§ Task
Below is a listing; write it out exactly and drop any images from it.

§ Dataset excerpt
'''

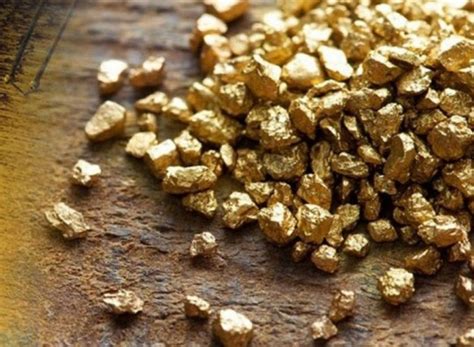 Cuarta mina de oro más grande del mundo es certificada en Venezuela | PSUV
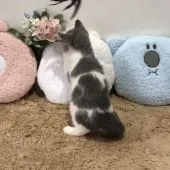 ブリティッシュショートヘア【愛知県・男の子・2021年3月22日・ブルー&ホワイト】の写真3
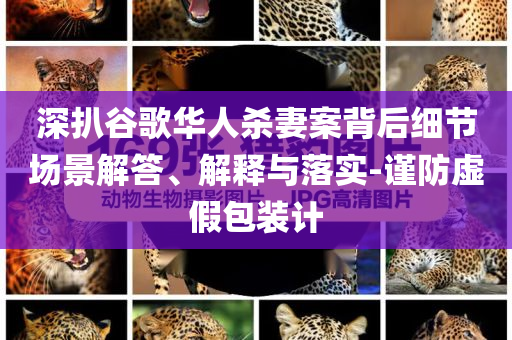 深扒谷歌華人殺妻案背后細節(jié)場景解答、解釋與落實-謹防虛假包裝計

'''

§ Problem solution
 Cuarta mina de oro más grande del mundo es certificada en Venezuela | PSUV
 ブリティッシュショートヘア【愛知県・男の子・2021年3月22日・ブルー&ホワイト】の写真3
 深扒谷歌華人殺妻案背后細節(jié)場景解答、解釋與落實-謹防虛假包裝計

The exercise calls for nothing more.